◆ **Goal of the exercise**
Everything from the first line of the material to the line containing "Next, we're asked", inclusive, must be given again exactly; no pictures, and nothing past that line.

◆ **Dataset content**
-*-
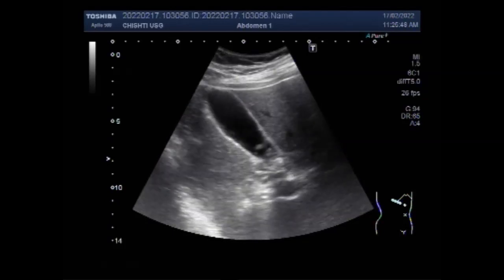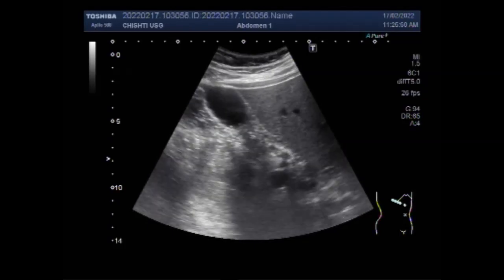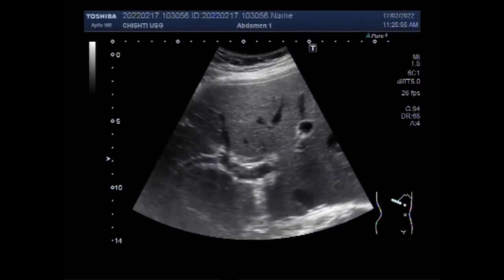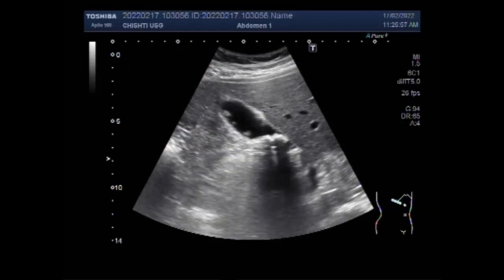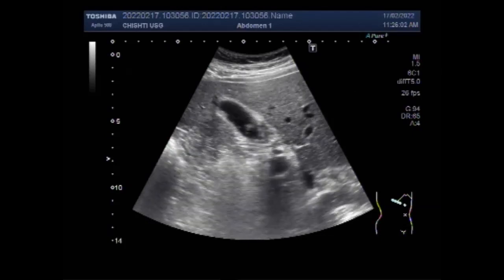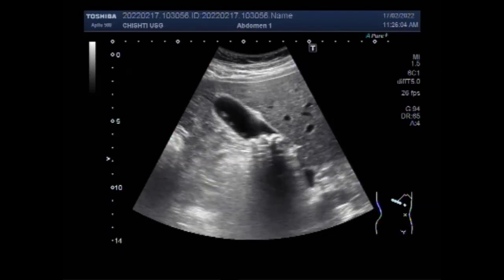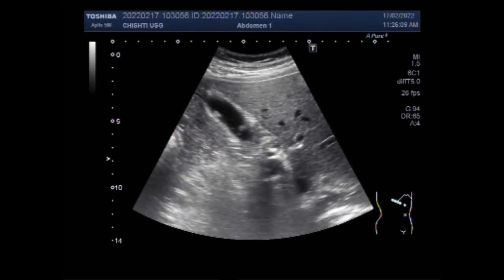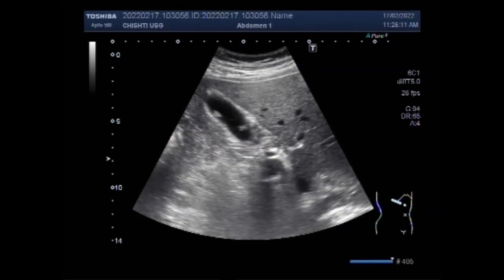Now you can see the multiple gallbladder polyps seen along the walls of the gallbladder. Usually these stones have strong posterior acoustic shadowing, but the polyps have no shadowing. And with the posture of the patient — as you can shift the patient from the supine position to the side-on — the gallbladder polyps will not go down towards the neck of the gallbladder.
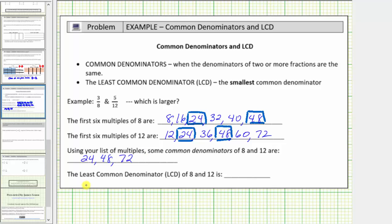Next, we're asked to determine the least common denominator of eight and twelve, which would be the least common multiple of eight and twelve. Looking at the common multiples, notice how twenty-four is the smallest, and therefore twenty-four is the least common denominator, or LCD.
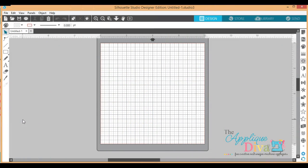Hey guys, it's Elizabeth with the Appliqué Diva. Today we're going to go over how to open or import an SVG or DXF file. As you can tell, I'm using Silhouette Studio version 4 software.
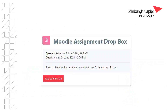Once you click on the link you will note there are a couple of dates: one is the date on which the Dropbox was opened and the other is the due date of the assignment. You will also see an Add Submission button.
-*-
◆ **Solution below**
Now you can see the multiple gallbladder polyps seen along the walls of the gallbladder. Usually these stones have strong posterior acoustic shadowing, but the polyps have no shadowing. And with the posture of the patient — as you can shift the patient from the supine position to the side-on — the gallbladder polyps will not go down towards the neck of the gallbladder.
Next, we're asked to determine the least common denominator of eight and twelve, which would be the least common multiple of eight and twelve. Looking at the common multiples, notice how twenty-four is the smallest, and therefore twenty-four is the least common denominator, or LCD.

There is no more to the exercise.